5da8f113   
   XPost: alt.alien.visitors, alt.alien.research, alt.conspiracy   
   XPost: sci.skeptic   
   From: garymatalucci@gmail.com   
      
   On Apr 9, 8:10 am, "Hägar" wrote:   
   > "Sir Arthur C.B.E. Wholeflaffers A.S.A." wrote in   
   > messagenews:628619a3-8553-4171-80d8-31a738ea182b@t7g2000pbn.go   
   glegroups.com...   
   >   
   > > I'll try to remember to take a shit on her grave site, something to   
   > > remind me of her.   
   >   
   > Looks like the shit is coming from your mouth, not your ass ...   

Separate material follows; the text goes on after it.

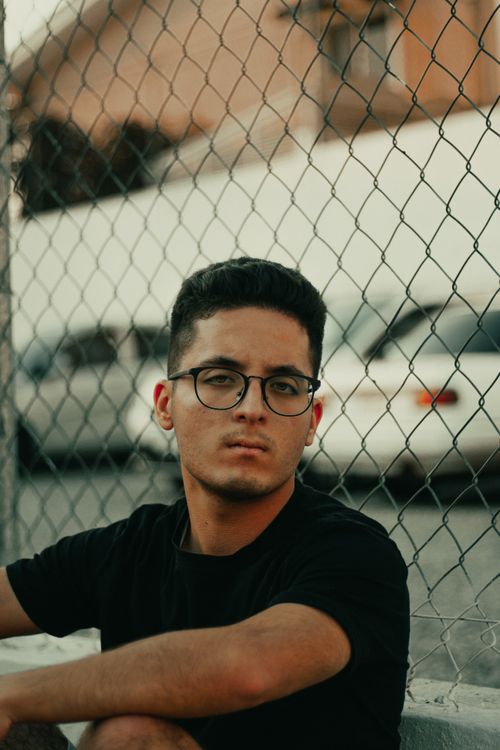 Free Portrait of a man with glasses sitting in front of a chain-link fence and parked cars. Stock Photo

   > Is that what they call "Shit-fer-Brains" ???   
      
   Hager you and your in-bred useful idiots are worthless to the human   
   race. I saw dog shit that is worth more than your entire family.   

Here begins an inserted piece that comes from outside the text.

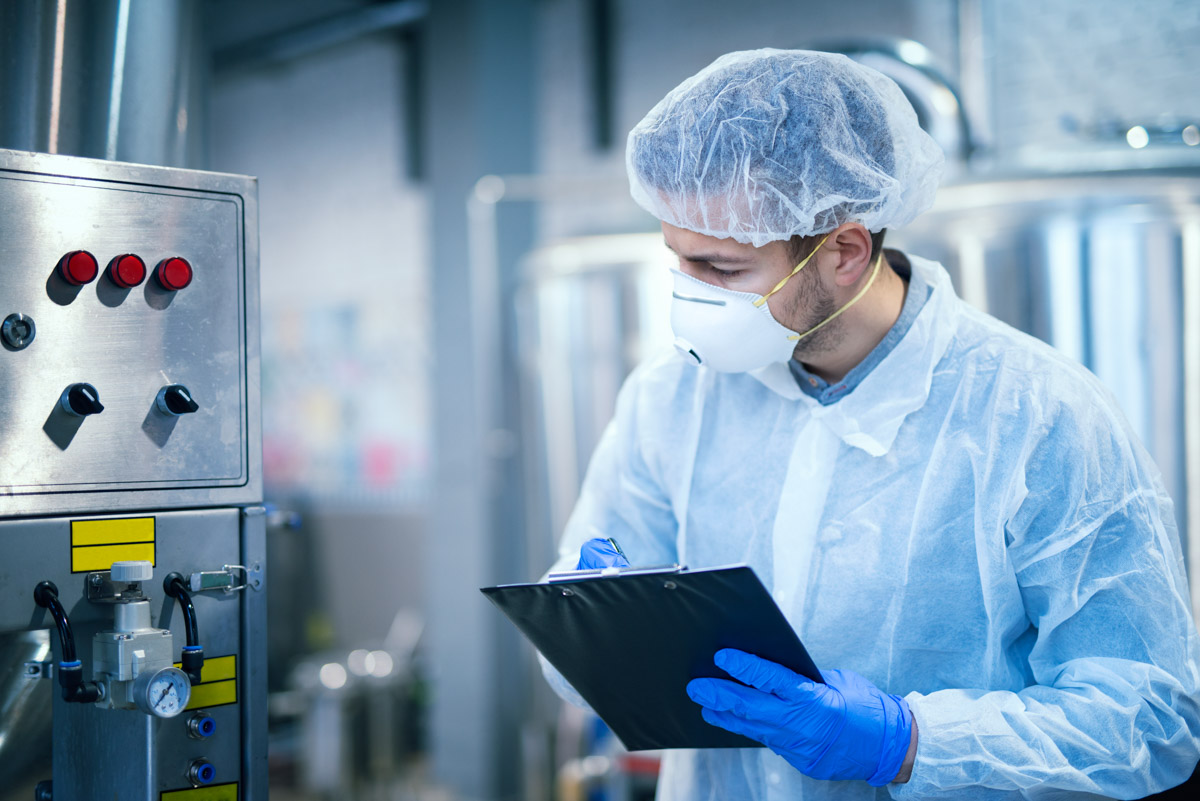 Technologist expert in protective uniform with hairnet and mask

   Your kind have been dragging down humanity for far too long. The   
   best thing that Raygun and Thatcher did was die. Good riddance to bad   
   bad rubbish   
      
   Margaret Thatcher and the Triumph of Crony Capitalism: “There is No   
   Alternative” (TINA)   
      
   Last night, on the day that Margaret Thatcher died, much of the   
   mainstream media fell over itself to mourn the passing of a ‘great’   
   leader. There were of course some references to her being a ‘divisive   
   figure’, but only because she did what ‘had to be done’, which   
   politicians before her were too weak-willed to do (ie attack workers’   
   rights, the welfare state and beat down wages).   
      
   Even people like Henry Kissinger, a man often accused as having the   
   blood of innocent millions on his hands, were wheeled onto our screens   
   to tell the British public what a really outstanding leader she was.   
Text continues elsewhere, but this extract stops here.